Most prop trading firms will have to join the U.S. Financial Industry Regulatory Authority Inc. (FINRA), and submit to its oversight, under new rules adopted by the U.S. Securities and Exchange Commission (SEC) today.
The new rules will narrow the existing exemption from self-regulatory oversight by requiring that all registered brokers have to join an SRO unless they only trade on one exchange.
Currently, firms can engage in unlimited prop trading without submitting to SRO oversight.
“Some of today’s broker-dealers continue to rely on an exemption from national securities association registration that’s older than the cell phone era. This has led to a regulatory gap whereby a number of firms that have cross-market, monthly trading volume valued in the hundreds of billions of dollars are exempt from national securities association oversight,” said SEC chair, Gary Gensler, in a release.

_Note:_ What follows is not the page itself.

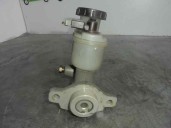 Recambio de bomba freno para nissan primera berlina (p11) 1.8 16v cat referencia OEM IAM 22157879 BOSCH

By shrinking that exemption, a greater share of prop trading will face SRO scrutiny, which Gensler said “will help enhance robust and consistent oversight, particularly with regard to cross-market and off-exchange oversight.”

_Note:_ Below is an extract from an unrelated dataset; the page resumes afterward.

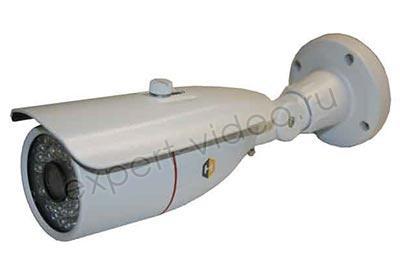  Hunter HN-B673CIR-40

Commissioner Mark Uyeda opposed the new rule, saying it could result in reduced liquidity, and that there’s no compelling justification for expanding FINRA’s jurisdiction.
“Given the lack of evidence supporting this mandatory extension of FINRA membership, coupled with the clear potential for the unintended negative consequence of a reduction in liquidity, I am unable to support it,” he said in a statement.
The new requirements will take effect 60 days after the final rule is published in the Federal Register. Firms will then have a year to comply.